Which led me to an idea. Why not fill that knowledge gap by giving investors the kind of reliable, objective data they need to make better-informed decisions? By focussing on the material risks of investing in factory farming rather than the moral arguments against it, we could leverage the awesome power of capital markets to drive change, do things better, and build a more sustainable global food system, one that works for all of us. 

And so FAIRR, Farm Animal Investment Risk and Return, was born. By researching, analysing and distributing information around the very real business risks associated with issues such as climate change, pollution, nature and biodiversity loss and antimicrobial resistance, FAIRR empowers investors to engage as shareholders with companies in the global food supply chain – from protein producers to high street retailers. 

Importantly, FAIRR doesn’t tell its members what they should and should not invest in, or churn out reports that make ideological points – it simply provides investors with the kind of solid, reliable data on which they rely to make decisions in every other sector.  

And that data speaks for itself. For a decade now, FAIRR’s analysis has shown that industrialised animal agriculture is anything but a safe bet. Investors in the industry can now see that their capital is at risk from any number of sources: higher taxes, class action lawsuits, reputational damage, regulatory interventions and more. 

To say there has been an incredible appetite for FAIRR’s work would be an understatement.

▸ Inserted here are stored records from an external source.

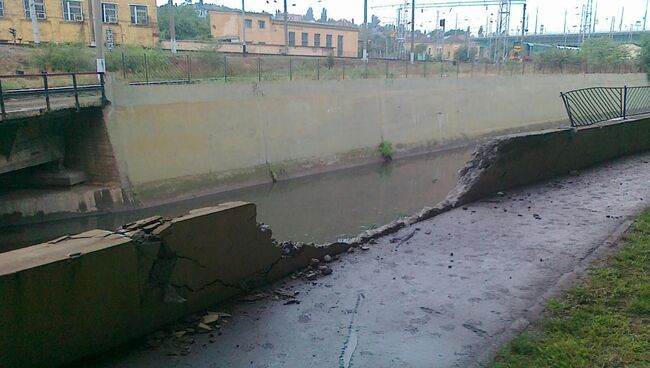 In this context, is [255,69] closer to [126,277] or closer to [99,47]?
[99,47]

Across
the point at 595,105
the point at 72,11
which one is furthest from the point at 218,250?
the point at 72,11

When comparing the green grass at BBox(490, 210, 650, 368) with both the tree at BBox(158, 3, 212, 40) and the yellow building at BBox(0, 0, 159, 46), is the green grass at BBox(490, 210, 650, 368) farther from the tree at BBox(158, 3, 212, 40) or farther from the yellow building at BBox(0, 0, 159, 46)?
the tree at BBox(158, 3, 212, 40)

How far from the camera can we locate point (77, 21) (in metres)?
37.1

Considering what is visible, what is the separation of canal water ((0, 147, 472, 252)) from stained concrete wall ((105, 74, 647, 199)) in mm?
985

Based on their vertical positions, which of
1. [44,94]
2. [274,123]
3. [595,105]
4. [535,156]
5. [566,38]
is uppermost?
[566,38]

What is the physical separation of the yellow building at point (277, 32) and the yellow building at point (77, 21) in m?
14.3

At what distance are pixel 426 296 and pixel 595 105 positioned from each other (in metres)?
9.66

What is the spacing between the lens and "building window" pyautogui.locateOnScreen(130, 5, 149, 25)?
39.3 m

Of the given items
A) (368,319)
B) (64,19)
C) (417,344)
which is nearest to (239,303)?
(368,319)

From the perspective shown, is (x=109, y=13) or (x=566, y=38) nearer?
(x=109, y=13)

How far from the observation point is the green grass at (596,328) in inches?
143

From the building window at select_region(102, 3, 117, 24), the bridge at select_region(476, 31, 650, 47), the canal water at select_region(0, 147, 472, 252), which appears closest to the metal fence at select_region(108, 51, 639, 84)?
the canal water at select_region(0, 147, 472, 252)

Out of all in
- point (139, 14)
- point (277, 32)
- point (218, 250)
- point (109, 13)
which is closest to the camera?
point (218, 250)

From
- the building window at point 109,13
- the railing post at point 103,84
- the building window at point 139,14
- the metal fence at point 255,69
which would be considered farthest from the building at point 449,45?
the railing post at point 103,84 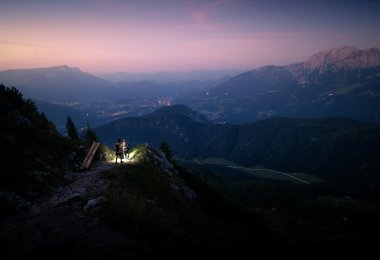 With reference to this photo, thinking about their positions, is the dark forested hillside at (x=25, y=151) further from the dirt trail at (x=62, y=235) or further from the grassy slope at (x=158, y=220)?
the grassy slope at (x=158, y=220)

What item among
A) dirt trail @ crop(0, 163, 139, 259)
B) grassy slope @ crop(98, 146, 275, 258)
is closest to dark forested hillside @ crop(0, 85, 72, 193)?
dirt trail @ crop(0, 163, 139, 259)

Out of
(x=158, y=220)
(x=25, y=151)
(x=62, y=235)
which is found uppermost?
(x=25, y=151)

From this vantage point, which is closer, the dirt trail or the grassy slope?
the dirt trail

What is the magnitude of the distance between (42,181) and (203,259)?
1457cm

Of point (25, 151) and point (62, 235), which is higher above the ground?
point (25, 151)

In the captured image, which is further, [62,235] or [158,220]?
[158,220]

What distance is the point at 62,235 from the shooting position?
1467cm

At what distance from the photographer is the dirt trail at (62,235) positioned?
43.5 ft

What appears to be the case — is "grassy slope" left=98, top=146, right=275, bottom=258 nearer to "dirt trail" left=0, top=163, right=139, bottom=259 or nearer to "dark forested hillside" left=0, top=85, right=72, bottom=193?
"dirt trail" left=0, top=163, right=139, bottom=259

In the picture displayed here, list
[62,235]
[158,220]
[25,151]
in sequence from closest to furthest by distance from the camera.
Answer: [62,235] → [158,220] → [25,151]

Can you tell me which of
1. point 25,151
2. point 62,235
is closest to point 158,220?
point 62,235

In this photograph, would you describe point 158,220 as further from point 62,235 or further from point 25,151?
point 25,151

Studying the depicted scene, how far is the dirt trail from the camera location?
13.2 meters

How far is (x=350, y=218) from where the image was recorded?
538ft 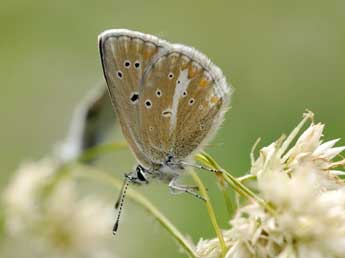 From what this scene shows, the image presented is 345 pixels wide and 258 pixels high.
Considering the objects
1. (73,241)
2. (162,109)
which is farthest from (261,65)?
(162,109)

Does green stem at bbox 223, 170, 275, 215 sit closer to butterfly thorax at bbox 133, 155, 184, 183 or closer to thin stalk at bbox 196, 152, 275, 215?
thin stalk at bbox 196, 152, 275, 215

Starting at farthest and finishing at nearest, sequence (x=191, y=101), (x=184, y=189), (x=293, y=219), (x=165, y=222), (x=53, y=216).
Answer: (x=53, y=216), (x=191, y=101), (x=184, y=189), (x=165, y=222), (x=293, y=219)

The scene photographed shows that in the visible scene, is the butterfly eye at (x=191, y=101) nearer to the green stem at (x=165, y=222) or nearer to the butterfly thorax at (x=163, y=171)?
the butterfly thorax at (x=163, y=171)

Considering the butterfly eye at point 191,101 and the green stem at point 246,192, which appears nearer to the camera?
the green stem at point 246,192

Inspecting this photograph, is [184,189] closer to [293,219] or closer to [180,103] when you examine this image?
[180,103]

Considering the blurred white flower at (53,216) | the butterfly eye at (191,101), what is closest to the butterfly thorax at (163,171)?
the butterfly eye at (191,101)

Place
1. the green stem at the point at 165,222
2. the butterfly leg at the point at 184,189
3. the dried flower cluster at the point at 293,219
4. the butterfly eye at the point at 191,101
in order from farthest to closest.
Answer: the butterfly eye at the point at 191,101, the butterfly leg at the point at 184,189, the green stem at the point at 165,222, the dried flower cluster at the point at 293,219

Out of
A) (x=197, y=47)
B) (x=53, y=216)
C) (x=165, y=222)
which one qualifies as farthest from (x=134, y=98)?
(x=197, y=47) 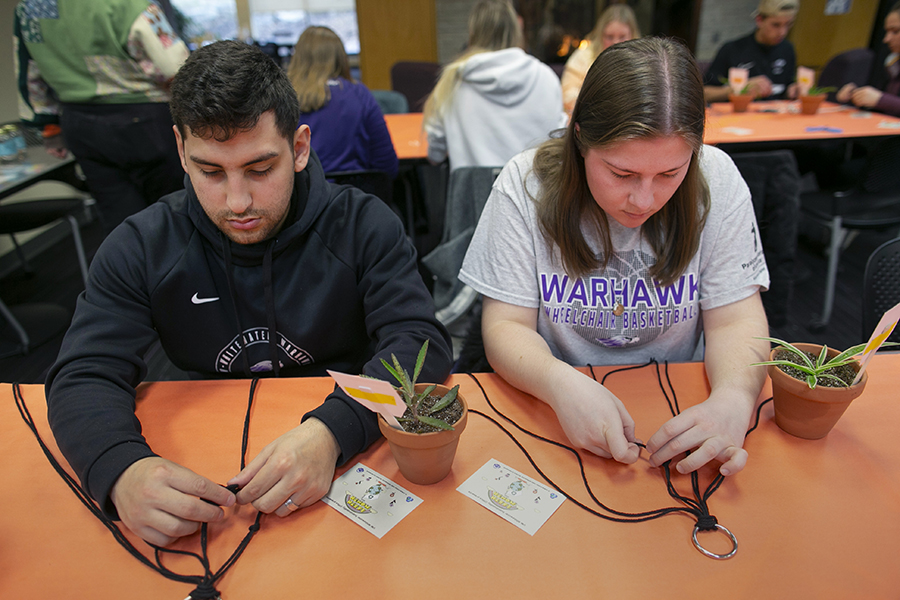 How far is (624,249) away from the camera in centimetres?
113

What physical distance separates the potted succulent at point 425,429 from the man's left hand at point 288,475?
0.35 feet

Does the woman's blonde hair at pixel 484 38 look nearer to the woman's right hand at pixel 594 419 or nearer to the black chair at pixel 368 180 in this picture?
the black chair at pixel 368 180

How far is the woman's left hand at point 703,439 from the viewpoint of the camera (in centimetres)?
79

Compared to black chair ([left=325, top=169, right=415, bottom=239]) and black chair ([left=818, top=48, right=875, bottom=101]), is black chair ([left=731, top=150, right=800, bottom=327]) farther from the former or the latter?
black chair ([left=818, top=48, right=875, bottom=101])

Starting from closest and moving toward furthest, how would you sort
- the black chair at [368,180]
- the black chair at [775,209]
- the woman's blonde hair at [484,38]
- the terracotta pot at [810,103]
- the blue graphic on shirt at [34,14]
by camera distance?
the black chair at [368,180] → the black chair at [775,209] → the blue graphic on shirt at [34,14] → the woman's blonde hair at [484,38] → the terracotta pot at [810,103]

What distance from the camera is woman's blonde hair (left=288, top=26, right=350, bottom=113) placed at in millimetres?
2266

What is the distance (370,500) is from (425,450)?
122mm

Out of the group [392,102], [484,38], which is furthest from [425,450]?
[392,102]

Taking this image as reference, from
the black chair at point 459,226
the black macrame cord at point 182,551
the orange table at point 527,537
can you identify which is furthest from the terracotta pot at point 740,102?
the black macrame cord at point 182,551

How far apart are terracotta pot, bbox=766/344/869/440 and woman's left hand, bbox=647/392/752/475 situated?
70 mm

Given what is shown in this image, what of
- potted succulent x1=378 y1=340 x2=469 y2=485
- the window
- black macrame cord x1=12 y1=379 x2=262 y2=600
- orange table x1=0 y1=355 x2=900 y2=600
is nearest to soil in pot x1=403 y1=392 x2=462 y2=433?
potted succulent x1=378 y1=340 x2=469 y2=485

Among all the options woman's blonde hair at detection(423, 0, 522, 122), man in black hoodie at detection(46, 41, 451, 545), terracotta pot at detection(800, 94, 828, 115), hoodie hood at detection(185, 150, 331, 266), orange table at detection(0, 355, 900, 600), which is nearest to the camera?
orange table at detection(0, 355, 900, 600)

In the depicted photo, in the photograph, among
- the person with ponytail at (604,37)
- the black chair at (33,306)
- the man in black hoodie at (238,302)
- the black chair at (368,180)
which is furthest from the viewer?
the person with ponytail at (604,37)

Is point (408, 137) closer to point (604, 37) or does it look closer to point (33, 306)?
point (604, 37) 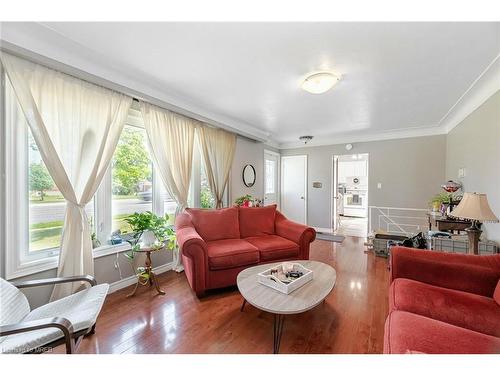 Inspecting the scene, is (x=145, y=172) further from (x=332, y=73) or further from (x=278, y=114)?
(x=332, y=73)

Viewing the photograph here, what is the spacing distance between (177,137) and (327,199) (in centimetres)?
394

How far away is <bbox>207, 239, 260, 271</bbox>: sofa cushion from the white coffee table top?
404 millimetres

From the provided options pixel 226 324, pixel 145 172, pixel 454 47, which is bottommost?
pixel 226 324

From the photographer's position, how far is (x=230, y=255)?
2.40m

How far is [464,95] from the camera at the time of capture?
2.70 m

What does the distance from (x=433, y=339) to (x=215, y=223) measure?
7.68ft

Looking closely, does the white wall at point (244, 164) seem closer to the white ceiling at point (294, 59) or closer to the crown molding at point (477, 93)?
the white ceiling at point (294, 59)

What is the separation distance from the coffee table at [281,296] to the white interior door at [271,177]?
12.0ft

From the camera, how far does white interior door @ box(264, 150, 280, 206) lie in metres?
5.53

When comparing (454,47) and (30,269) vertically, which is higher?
(454,47)

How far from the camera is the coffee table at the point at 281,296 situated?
147cm

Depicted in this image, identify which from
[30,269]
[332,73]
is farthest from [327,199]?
[30,269]

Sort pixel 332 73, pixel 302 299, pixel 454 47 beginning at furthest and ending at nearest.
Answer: pixel 332 73, pixel 454 47, pixel 302 299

FAIRR has consistently been the fastest growing investor network, attracting members from around the world, asset managers and asset owners alike, representing more than US$80 trillion of AUM.   

As you can see in detail throughout this report, that success has been sustained throughout FAIRR’s first decade. And it’s only just getting started. For all the wins we’ve witnessed since 2015, much work remains to be done to mitigate material financial risks and capture exciting new food and agri-tech opportunities as we transition to a more resilient and sustainable food system – work we’re going to keep on doing for many more decades to come.  

FAIRR has achieved so much with its members over the past 10 years, and I know the next 10 will bring even greater change – for our food, for our planet, and for investors all around the world.